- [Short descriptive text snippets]
──────────────────────────────

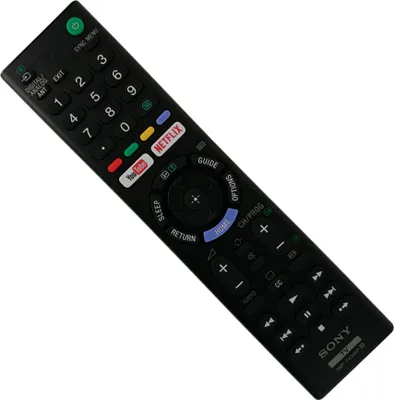 A black Sony TV remote control is shown against a white background.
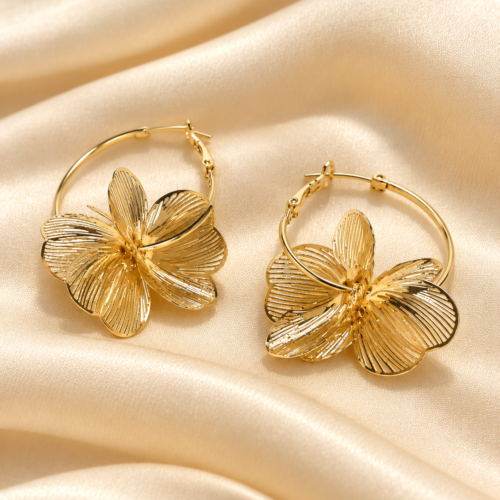 Floral Wire Hoop Earrings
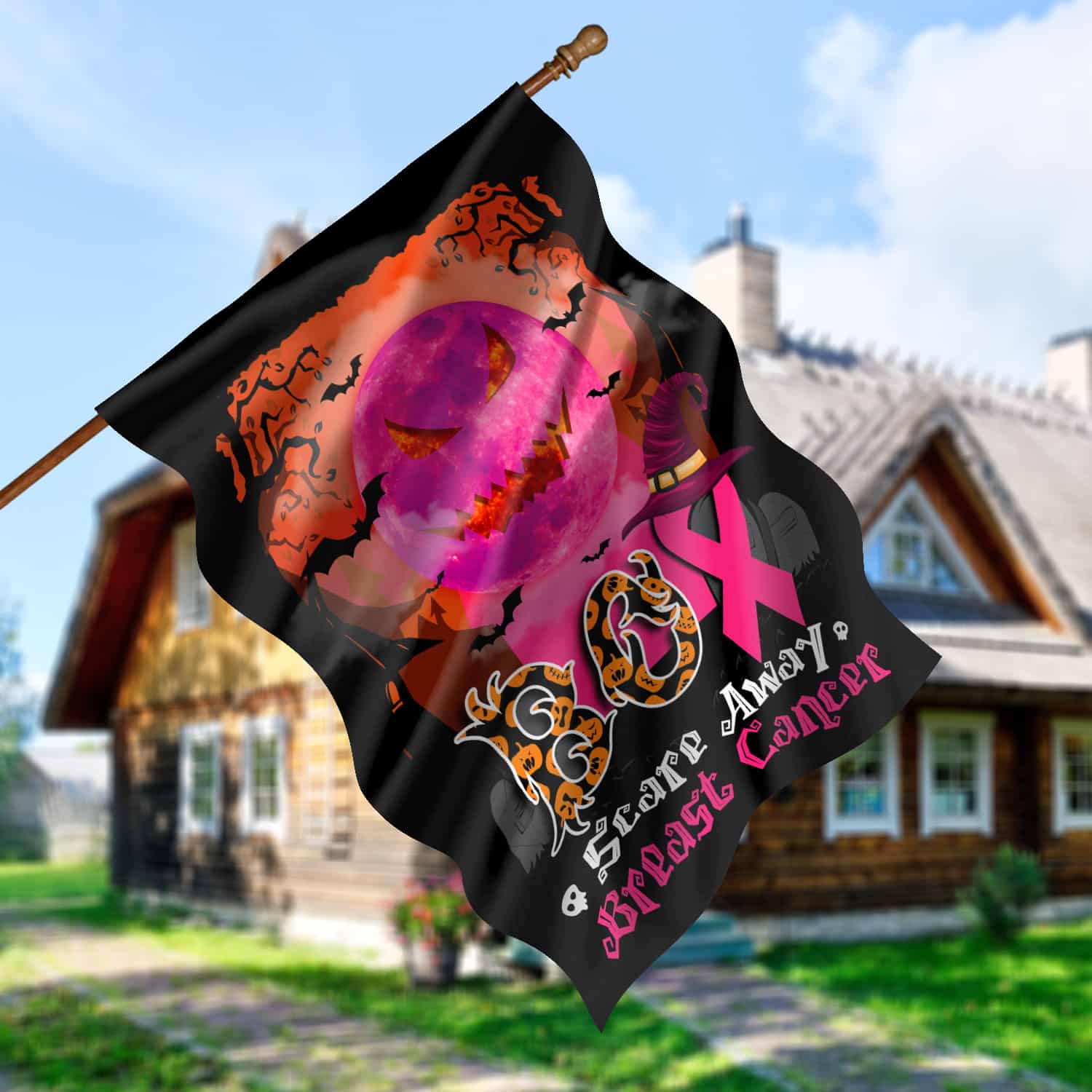 3KT. Boo Scare Away Breat Cancer-30X40 House Flag Mockup 5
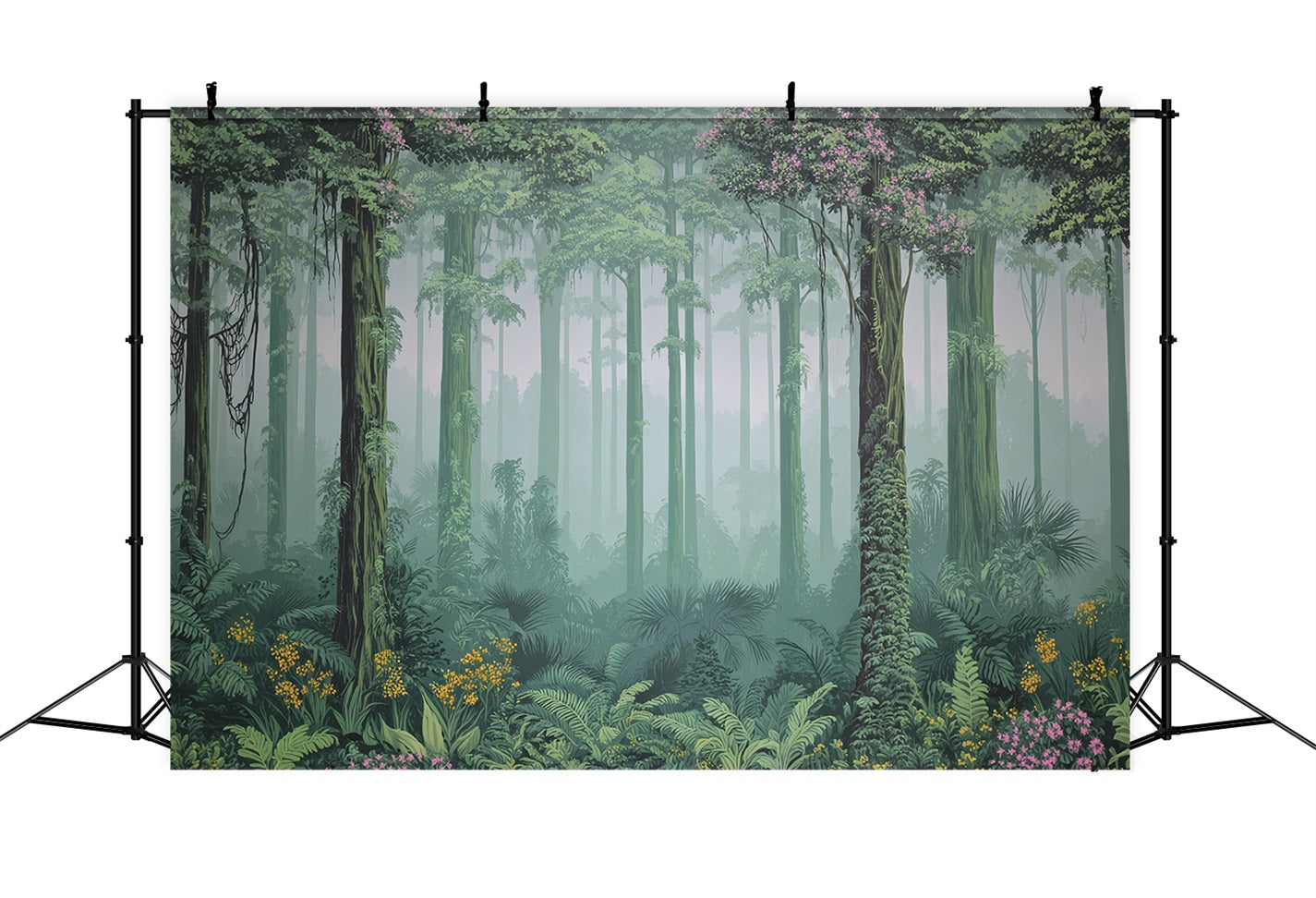 Rainforest Backdrop Misty Jungle Tropical Greens Forest Photo Backdrop TWW59-152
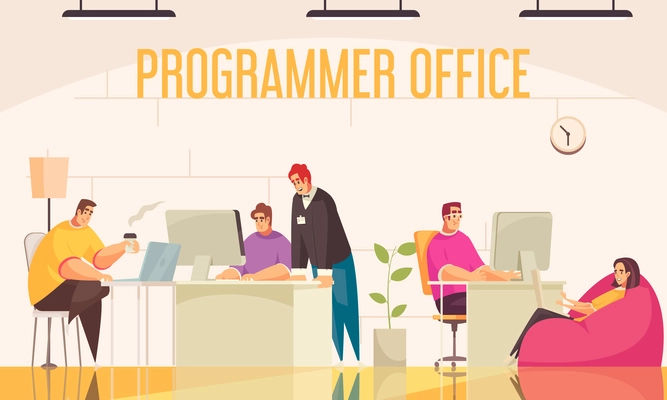 Programmer office background with working day symbols flat vector illustration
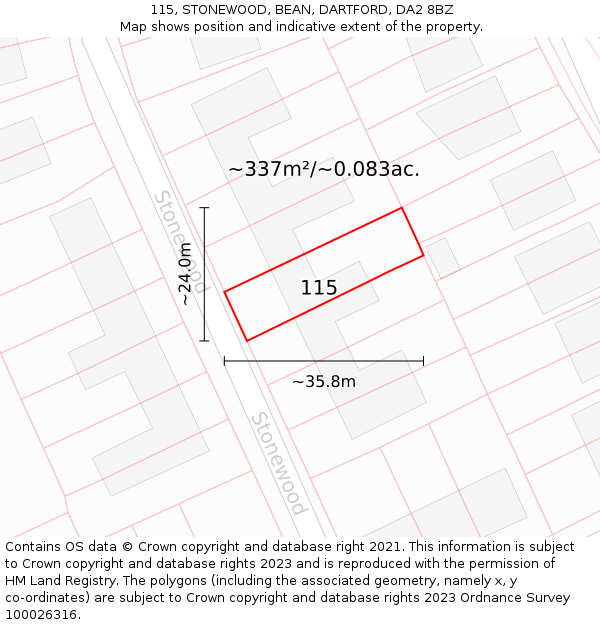 115, STONEWOOD, BEAN, DARTFORD, DA2 8BZ: Plot and title map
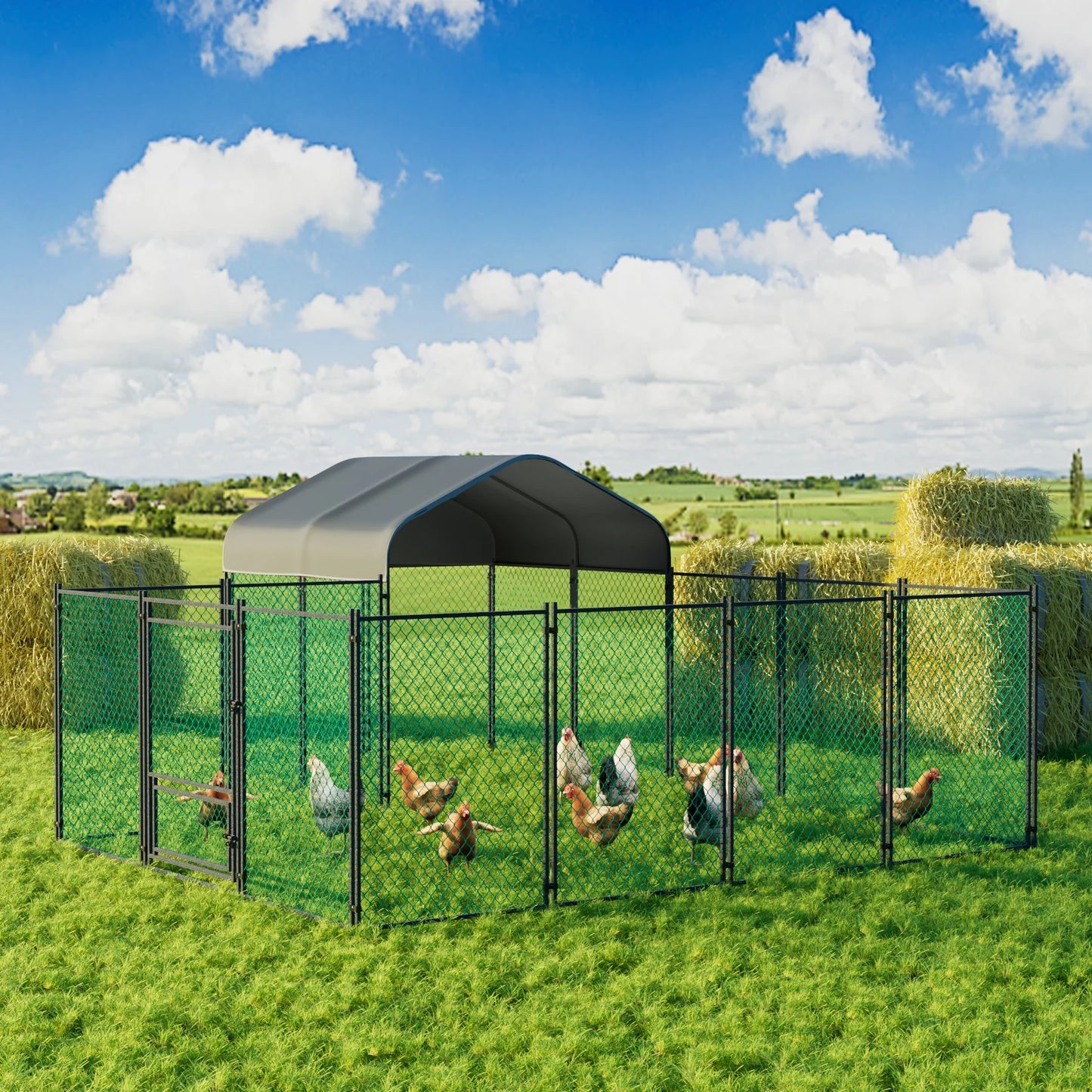 Chicken Coop 12.9x10.2x5.1ft Chicken Run Pen for Yard with Cover Outdoor Metal Portable Chicken Tractor Cage Enclosure Crate
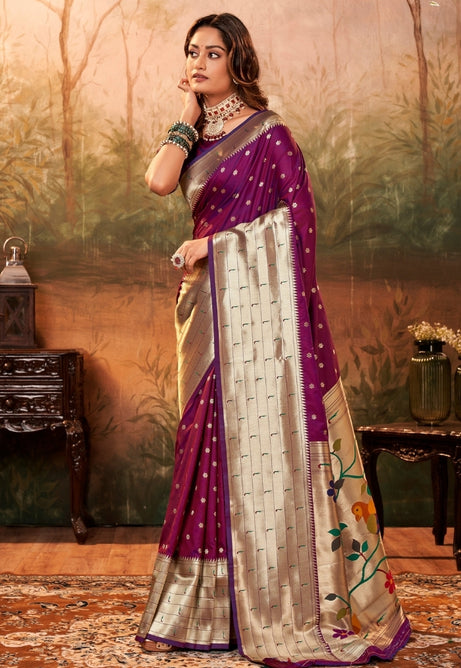 Plum purple Pure Paithani Silk saree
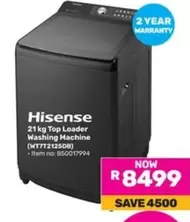 Hisense - Top Loader Washing Machine (WT7T212508)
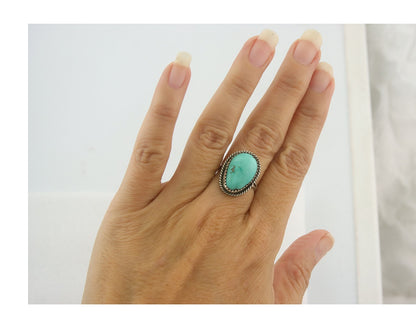 Vintage Navajo Ring 925 Sterling Authentic Santa Rita Turquoise Size 6.0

──────────────────────────────

- [Exercise aim]
Reproduce exactly, and only, the lines from the one holding "Hisense - Top" through the final line of the entries. Do not include the pictures.

- [Task response]
 Hisense - Top Loader Washing Machine (WT7T212508)
 Vintage Navajo Ring 925 Sterling Authentic Santa Rita Turquoise Size 6.0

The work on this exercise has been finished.